Friday Night at Libby’s Bistro in Gorham NH

Friday Night at Libby’s Bistro in Gorham NH
We’d heard from friends that Libby’s Bistro was good, but our Friday night dinner was so I-can’t-believe-I’m-eating-something-this-delicious that we went back on Saturday evening to be sure we hadn’t been eating hallucinatory mushrooms.

We were in northern New Hampshire for a before-the-tourists-arrive weekend celebrating our birthdays, and on Friday evening we chose Libby’s Bistro, in a renovated Main Street bank building in Gorham. Never heard of Gorham? Most people haven’t. It’s a 45-minute drive north from the nearest tourist Mecca in the White Mountains. That’s 45 minutes of winding roads through the relative wilderness of the White Mountain National Forest.

We hadn’t been eating magic mushrooms, although the Cream of Porcini Soup I began Saturday’s dinner with had clearly been touched with a magic wand. And to our delight, on Saturday it was a completely different menu. On Friday evenings in the off-season, Liz Jackson – Libby’s chef-owner -- serves a special menu based on a single cuisine. That week it was “Friday in Paris.”

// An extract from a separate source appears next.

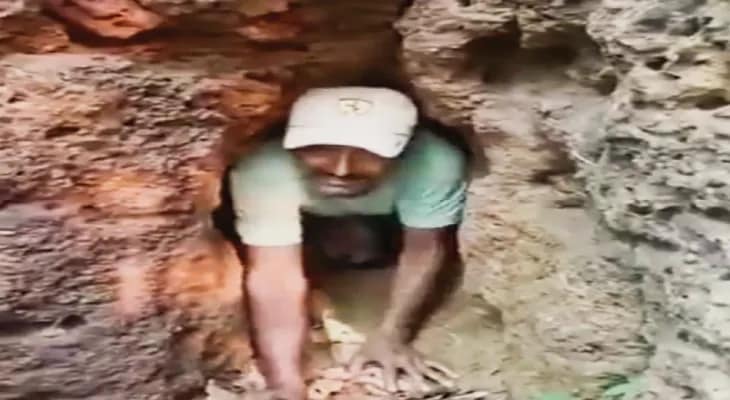 বেলপাহাড়ী ডাকাই উপত্যকার মাঝে চাঁদের পাহাড়, আদিম মানুষের গুহা, ফোটে বনফুল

We began with fresh pea soup, decorated with swirls of mushroom cream – delicate flavors and a lovely mouth-feel. Beside it was a tiny “BLT” made with sliced grape tomato, and a salad of baby greens with Dijon vinaigrette. Next came a paté so buttery smooth and satisfying that we just told our arteries to pretend it wasn’t happening, as we savored each bite.

The main course presented some challenging decisions. I dearly love braised beef – those flavor-packed cuts that chefs don’t want to bother fussing over – and never see it on a menu. But the Normandy-influenced stew of shrimp and scallops with fried mussels and fennel sounded divine. And as much as I love braised beef, I also love cassoulet. This one was made with rabbit, duck and Cornish hens, and I couldn’t let the chance slip past me. We partially solved our dilemma by ordering it and the shrimp stew, and sharing bites.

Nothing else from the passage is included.